His cancer journey started in 1988 when the athletic Butler County assistant principal and former health and physical education teacher began experiencing confounding back pain. After seeing several doctors, he was finally diagnosed with multiple myeloma — a type of cancer that starts in the bone marrow.
His cancer was in his lower spine. At the time, James was given three to five years to live. He was 40 years old with two children — the youngest just a year old.
“I never thought I’d live to see my son grow up. He’s an attorney now and getting married in May,” says James, now 72. “My daughter, who’s a registered nurse in Butler County, has given us two beautiful granddaughters, too. I’m blessed.”
Although his cancer was not curable, it was treatable. James’ initial treatment included radiation followed by chemotherapy. He’s been in and out of remission since the early 1990s.
“There’s still no cure for multiple myeloma, but I’m still here,” says James, a Chicora resident. “My doctors at UPMC Hillman Cancer Center have been giving me the right things to keep me going.”
Over the past three decades, his treatment has included chemotherapy, immunotherapy, and other cutting-edge therapies. He also has participated in several clinical trials at UPMC.
His UPMC Hillman oncology doctors have continuously monitored him throughout that time, using bloodwork and periodic MRIs and PET scans to look for cancer “hot spots”.
“There were years when my markers were in the safe zone and we did nothing. My treatment plan was to come back in another three months or six months,” says James.
James is now under the care of UPMC medical oncologist Hongmei Liang, MD, PhD, who took over when his first UPMC oncologist retired in 2008. For the past two years, he’s been taking an oral chemotherapy drug and a targeted monoclonal antibody that slows or stops multiple myeloma.
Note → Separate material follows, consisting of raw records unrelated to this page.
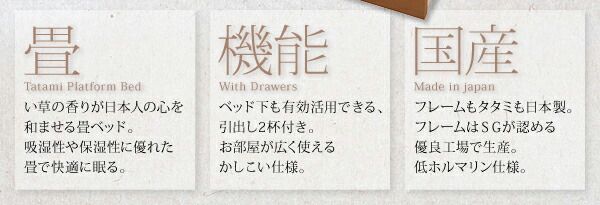 スーパSALE10倍＆4時間限定10％OFF モダンデザイン畳収納ベッド シングル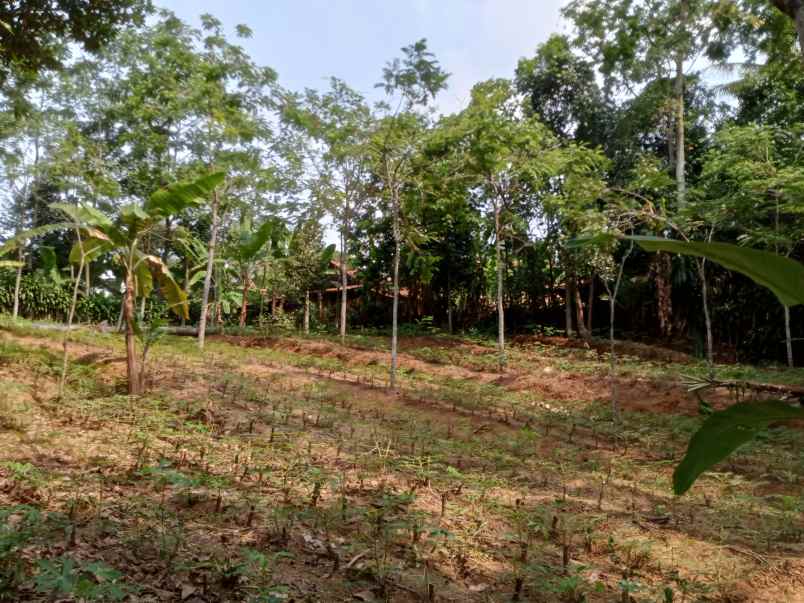 dijual tanah murah jonggol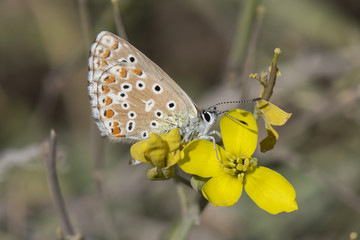 Lycaenidae / Çokgözlü Gök Mavisi / / Polyommatus bellargus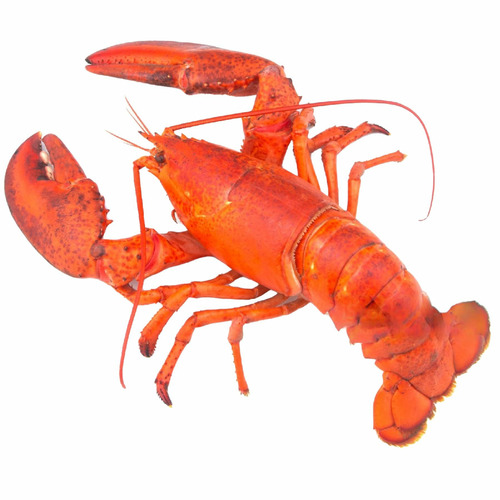 Lobster Canada Whole Cooked - Size 600g-700g - Hình 5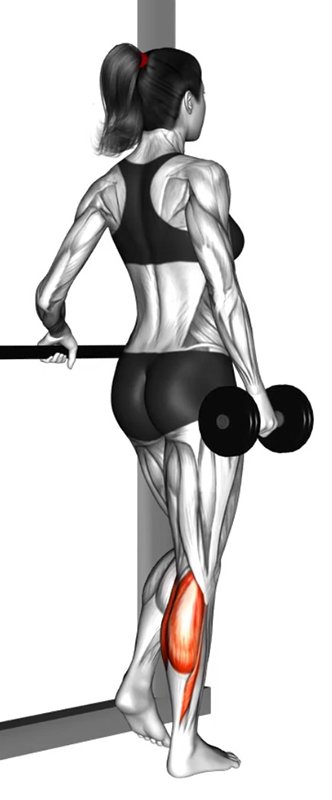 Extension unilatérale des jambes avec haltère – Travail des mollets - Début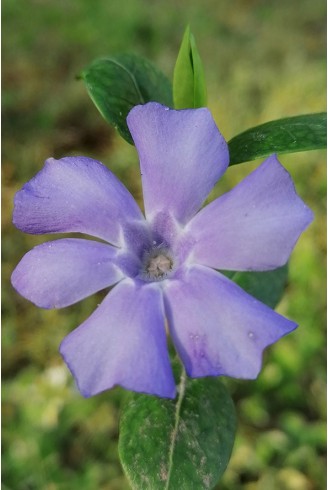 Vinca minor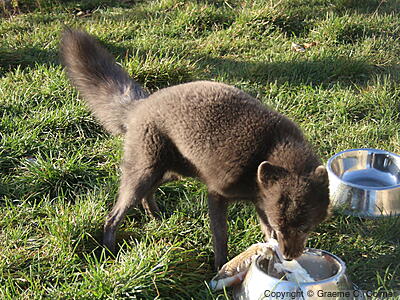 Blue Fox (Vulpes lagopus) - Adult
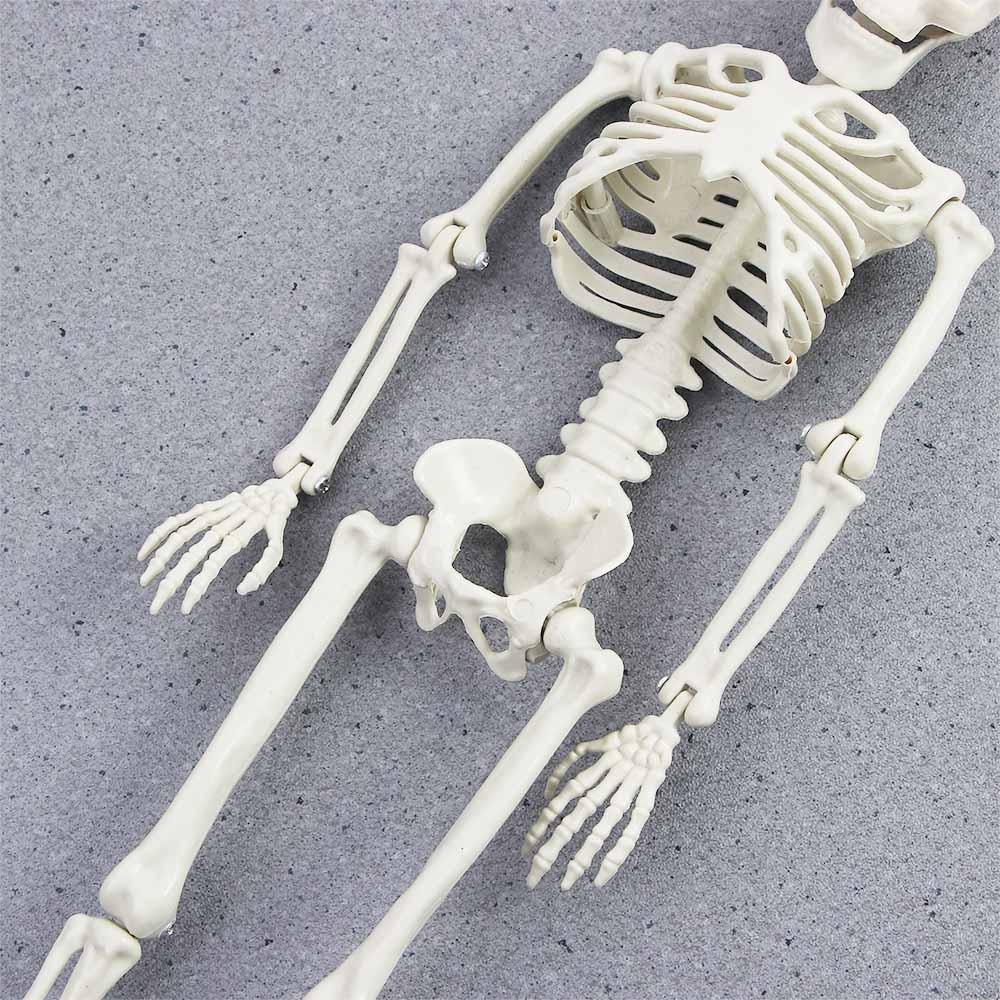 Doplňky do interiéru auta Model kostry Halloweenské rekvizity Lidské kosti Přívěsek na zpětné zrcátko auta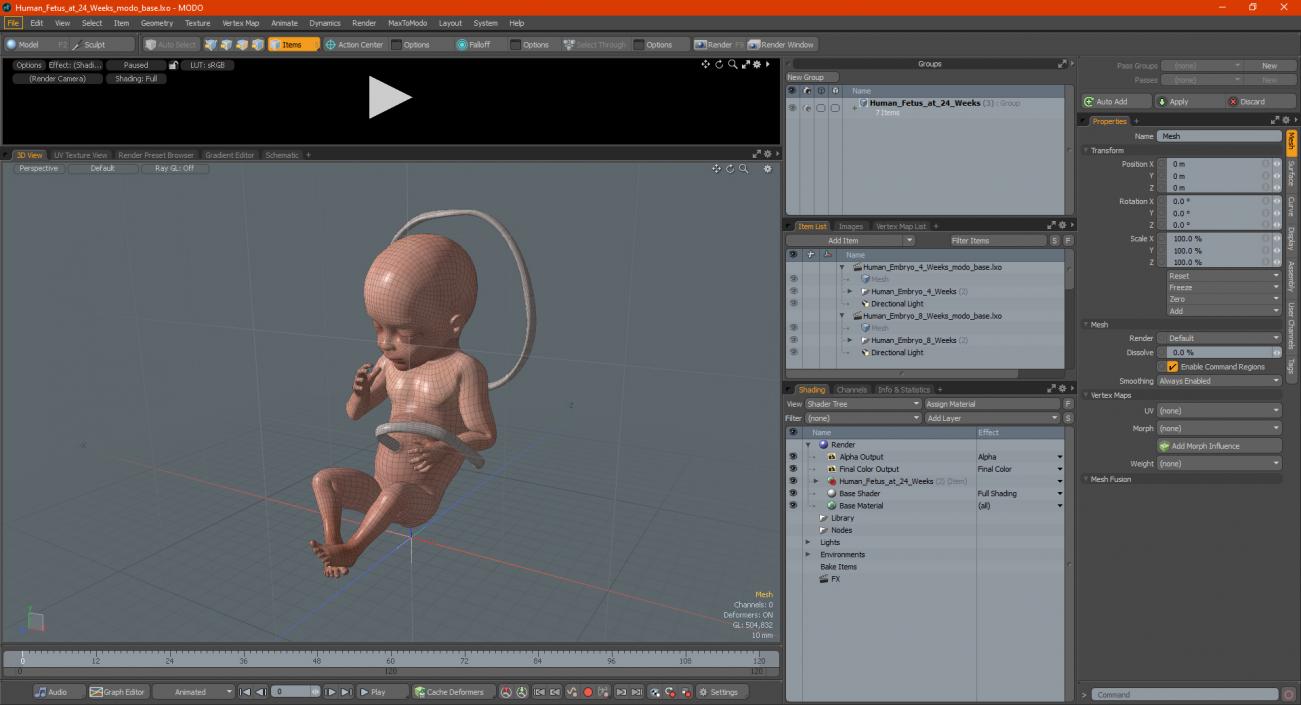 3D Human Fetus at 24 Weeks model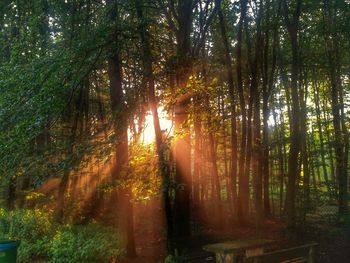 Sun shining through trees in forest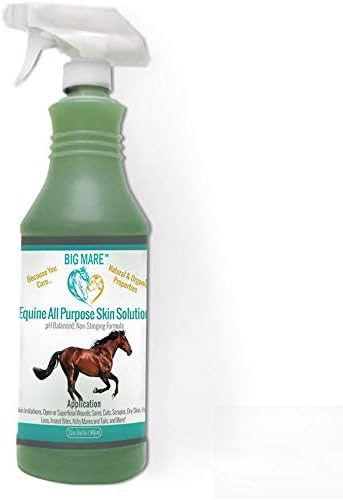 Big Mare All Purpose Horse Skin & Wound Care | 32oz Bottle | First Aid: for Girth Itch, Insect & Fly Bites, Crud, Itchy Manes & Tails & Hair Loss | Veterinarian Approved & Recommended post thumbnail image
“When new treatments like this become available, Dr. Liang and I discuss it and make judgements together about where to go with treatment,” says James.
“I’ve always been a part of the decision making with my UPMC oncologists. They treat me like a partner in the process — and I appreciate that,” he adds.
Despite his ongoing, decades-long cancer battle — and cancer-related stress and compression fractures in his legs and back — James rarely missed a day of work. He retired in 2010 after 40 years as an educator, including his final 14 years as principal of Butler Area Junior High School.
He doesn’t run, swim, and lift heavy weights like he did in his younger years, but James remains active using light weights, working around the house, and doing yard work.
“It’s been over 32 years, but I’m still getting things done. Every day I try to accomplish something,” says James.
“I’m so grateful to everyone at UPMC. I’ve seen my children grow up and I’m now thrilled to spend time with my grandchildren. It’s been a good life.”